Tuesday, February 11, 2014

Kansas Sen. Roberts won't say how many days he spends in Kansas -- By Byron York

Recently the New York Times reported that Kansas Republican Sen. Pat Roberts, who owns a duplex in Dodge City as well as a house in Alexandria, Virginia, does not live in the Dodge City home when he is in Kansas. Instead, Roberts has rented out the house for several years; he told the Times he pays a friend $300 a month to stay in a room in the friend's house during visits to his home state.

The article set off an uproar, with both Democrats and Republicans slamming Roberts. But the piece did not shed much light on the bigger question, which is how much time Roberts spends in Kansas.

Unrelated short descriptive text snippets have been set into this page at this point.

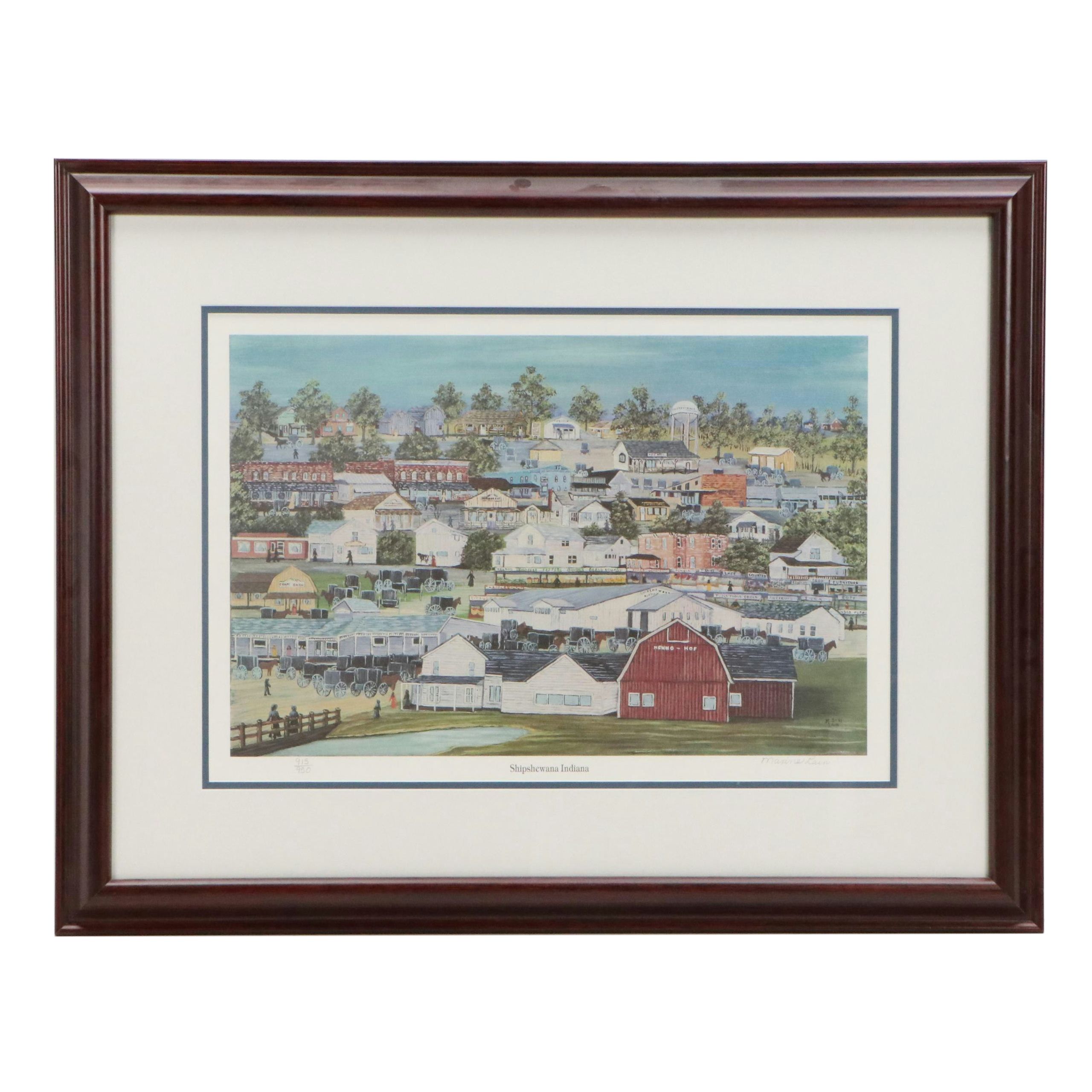Maxine Lain Offset Lithograph "Shipshewana Indiana"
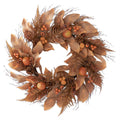 30" Brown & Orange Fern and Magnolia Wreath – Fall Decor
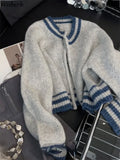 Getadme-Autumn Knitwear Cropped Cardigan Coat Women Clothing O Neck Patchwork Zipper Sueter Mujer Casual Fashion Knitted Sweater Tops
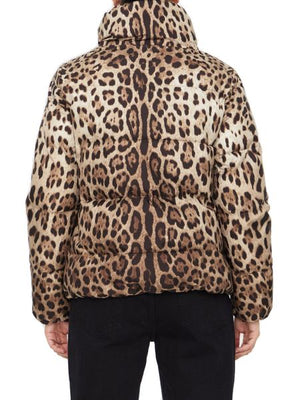 Beige Leopard Print Short Down Jacket for Women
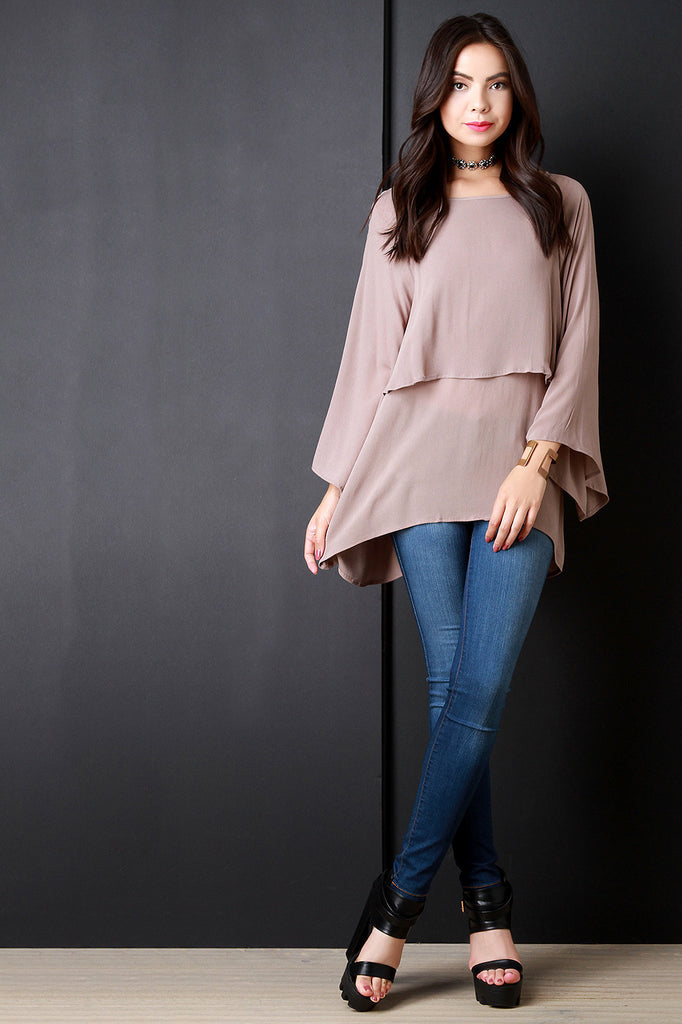 Textured Woven Layered Loose High-Low Top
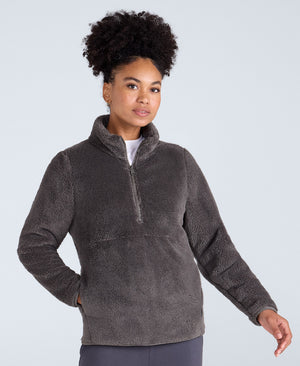 Teddy Womens Half Zip Fleece - Khaki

In the story's second paragraph, the Times quoted a Dodge City resident who said, "I've been here since '77, and I’ve only seen [Roberts] twice." Readers who stuck around for the third-to-last paragraph learned that "in the last year, [Roberts] has visited 72 of the state's 105 counties, several of them more than once," although the Times suggested Roberts only did so because he fears a primary challenge. (He has one, in Kansas City physician Milton Wolf, who has used the Times story to attack Roberts as a Republican who really represents Virginia, not Kansas.)

But the question remains: How much time has Roberts spent in Kansas? Not just in 2013, but in years past, when he was less concerned about his immediate re-election prospects?

After the Times piece came out, I posed that question to Roberts' spokeswoman in Washington and his campaign manager in Kansas. Roberts has schedules and records; it wouldn't be too much trouble to see how much he had been in Kansas. His aides said they had begun gathering that information and at one point had six staff members reconstructing Roberts' Kansas visits. They worked Saturday, Sunday, and much of Monday, promising to have the information soon.

And then, late Monday afternoon, Roberts' office got in touch to say they wouldn't be giving out any details of the senator's days in Kansas. "We're not going to release numbers because we're not sure that any number would be acceptable to some of these outside groups," said spokeswoman Sarah Little. "We're worried about what the yardstick is. Who defines how much is enough days in the state?"